Though, I tend to reply to most all of my texts. At least until the person gets hellishly annoying.


----------



## billydamndean

Just Send it And Forget it


----------



## Drake

What is this texting thing that you are talking about?

Actually just assume that whoever I am texting, or email has a good reason for not being able to respond, such as the death of a loved one, chronic leprosy, or something such as devastating.


----------



## INFpharmacist

Introverted Thinkers read text messages. 

Introverted Feelers write text messages. 

Extroverted Thinkers interact through text messages. 

Extroverted Feelers express themselves through text messages.

(or at least that's what I've noticed...)


----------



## 666

treesee said:


> Depends on the person. If I know they are kind of a space cadet about texts I dont think anything of it (one of my* INFJ friends for example will reply after 2 days *lol). Other than that everyone seems pretty good about it because i always try my best to reply and tend to focus my attention on people who reciprocate.


That's so true of me.. lol but myself I find It annoyng when a person I'm interested in does this to me. My one ex. ENFJ was answering just when I'd get pissed... Finally I left him for that. Now I've got an ENTJ.. nd he's kinda in my role, this doesn't annoy me, cause I'm not that crazy about him yet, but I'm getting at that point and this freaks me out, seriously, I don't want to leave him, but such behaviour pisses off too bad.. I end so many relationships because of this, let's call "nonsense"...


----------



## windex

Vanity .


----------



## Lilsnowy

INFpharmacist, that is brilliant. Thank you. I'm making that wallpaper on my phone!


----------



## Mercer

DayLightSun said:


> Don't.
> It's our instant gratification culture that has you feeling that way.
> At least part of it.


i never thought of it that way. i sometimes feel like that when someone dosnt answer my facebook messages.


----------



## Korvyna

If I didn't ask a question in the text message I don't mind not getting a reply... Because if someone texts me something, and I don't really have a reply I tend to ignore it too. Well, unless it's them telling me something like "Hey I got the house!" Then I'll reply with a simple congrats. Well, unless someone asks me a direct question, I don't always reply. So in turn, I tend to not get upset if someone doesn't reply to me either.

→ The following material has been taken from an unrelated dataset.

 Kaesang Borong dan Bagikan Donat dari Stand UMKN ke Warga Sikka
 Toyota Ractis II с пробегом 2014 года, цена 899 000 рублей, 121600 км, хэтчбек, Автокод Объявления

Though, I've also noticed a lot of people I know don't tend to have their phone by their side every waking moment of the day like I do... So while I might send a text after work, I may not get a response for a couple of hours because they didn't have their phone near them. I've even been slacking lately since I've been sick.:shocked:


----------



## Spooky

I started this thread about 7 months ago and I must say that I don't take it so personally anymore when someone doesn't reply to my text. It really depends on the content of the message, who I was sending it to, and if I was asking a question.


----------



## Scylla

Spooky said:


> I started this thread about 7 months ago and I must say that I don't take it so personally anymore when someone doesn't reply to my text. It really depends on the content of the message, who I was sending it to, and if I was asking a question.



that's great!

yeah, i think a few years ago i would also have taken it personally (or at least questioned why), but now i don't get upset UNLESS it's by someone i am really into, or a message that's urgent.


----------



## INFpharmacist

Lilsnowy said:


> INFpharmacist, that is brilliant. Thank you. I'm making that wallpaper on my phone!


Isn't it true, though? :crazy:

The best is how the Extroverted Thinkers text. They're so funny... You won't get a text from them for long periods of time, but whenever there's something going on, they're all over it!

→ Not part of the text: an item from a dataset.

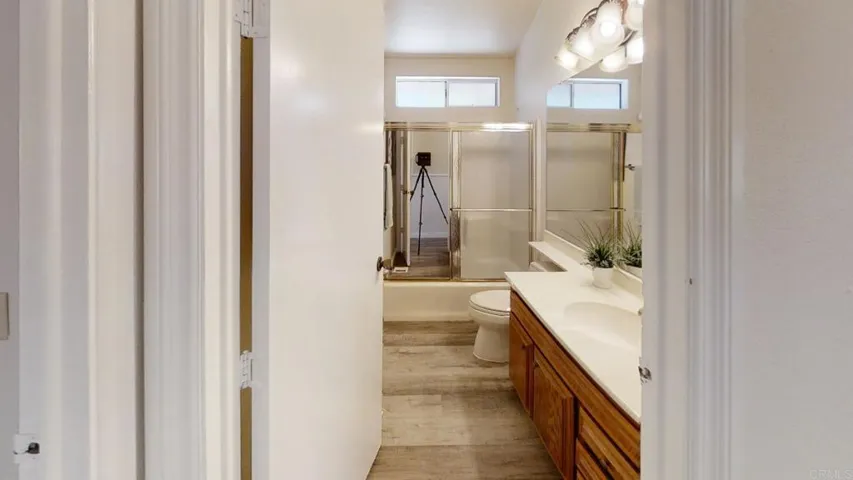 2010 W San Marcos Blvd. 33, San Marcos, California 92078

Whenever it comes to texting, there's so much that I feel like writing. (Cuz hey, I like writing! :tongue Sometimes I have to stop myself from writing too much, though. I'll read over messages before I send them out, because I'm afraid of sending out needless words or details. To me, texting is almost a form of shorthand, so the more concise the message, the better- which can be difficult at times.

Occasionally, it's easier to ignore a text than to respond to the extent that I would like. :blushed:


----------



## Aerorobyn

This usually depends. There are some people that I honestly don't care whether or not they reply; however, there are a select few that I feel a sense of rejection if I do not get a reply. Also, if it's something important, I would like a quick response. If I don't get it, I just get a tad bit frustrated. 

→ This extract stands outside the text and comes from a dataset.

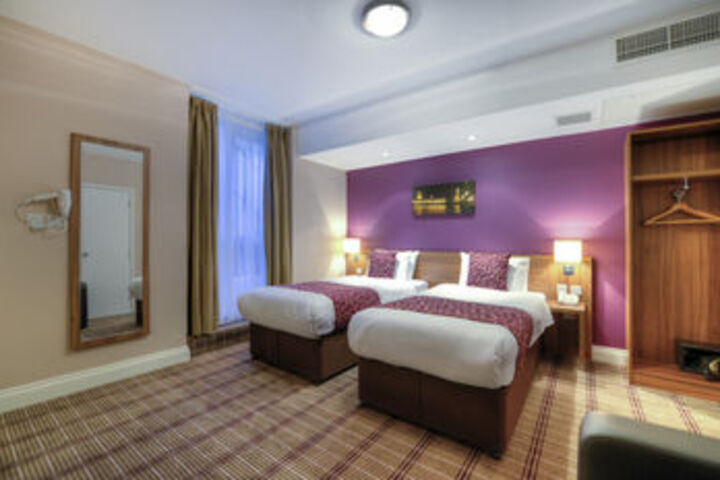 Room 17 of 28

On a side note: The thing that irritates me most about text messages is getting those one word responses, especially when I receive one that just says, "K" in it.


----------



## Vanitas

No, but it does make me wonder if the text actually arrived or not. If it's nothing important, well, it doesn't really matter? I don't usually reply to small talks/ no question texts myself. 

But I try to be more sensitive when it involves personal relationships/ new acquaintances.


----------



## fishalee

amanda32 said:


> Nope, really no excuse. It just means they don't care enough about you to respond. And/or they don't have manners.



what if the person is just truly really busy and gets 89 texts a day and cant start a text conversation or worry about how her tone might sound if she replies really quickly? i think it's rude to call someone rude without thinking about his or her situation.


----------